The data »
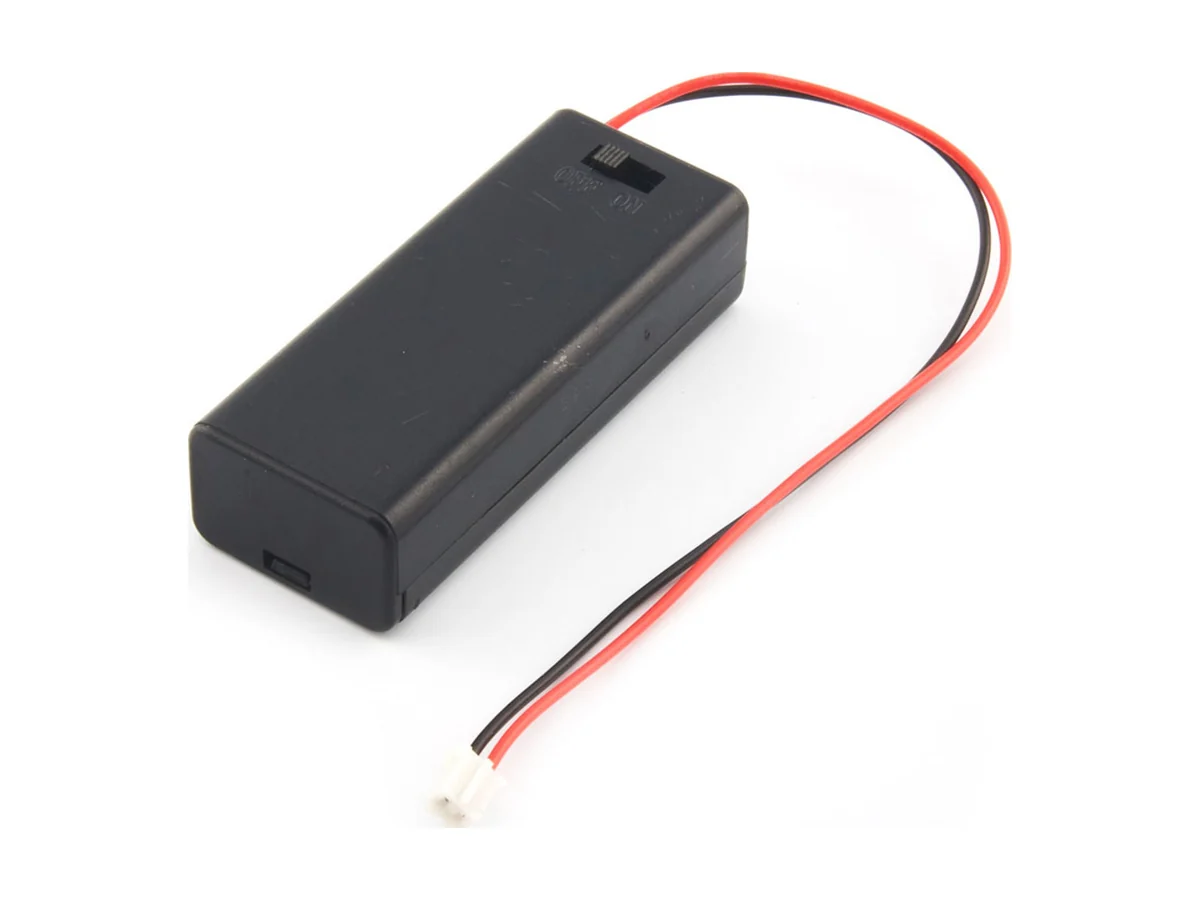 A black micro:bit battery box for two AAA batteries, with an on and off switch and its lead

* * *

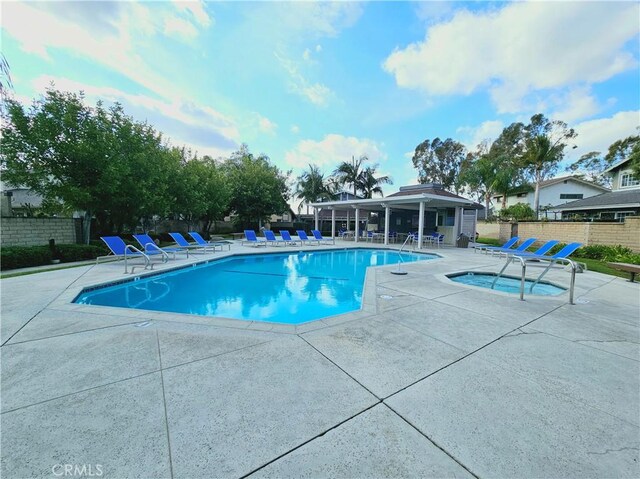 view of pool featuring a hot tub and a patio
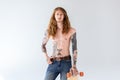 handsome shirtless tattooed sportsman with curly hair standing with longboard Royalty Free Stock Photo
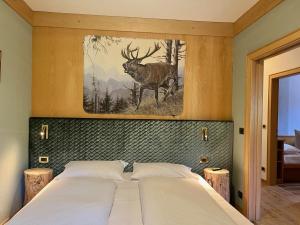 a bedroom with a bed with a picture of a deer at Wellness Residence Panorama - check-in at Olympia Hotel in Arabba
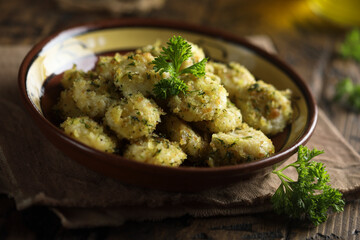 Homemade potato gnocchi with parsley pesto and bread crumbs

* * *

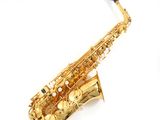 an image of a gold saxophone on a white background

What to produce »
Please print the lines above word for word, starting at the one with "handsome shirtless tattooed" and ending at the one with "Homemade potato gnocchi", both included, and without any picture.

Response to this task »
 handsome shirtless tattooed sportsman with curly hair standing with longboard Royalty Free Stock Photo
 a bedroom with a bed with a picture of a deer at Wellness Residence Panorama - check-in at Olympia Hotel in Arabba
 Homemade potato gnocchi with parsley pesto and bread crumbs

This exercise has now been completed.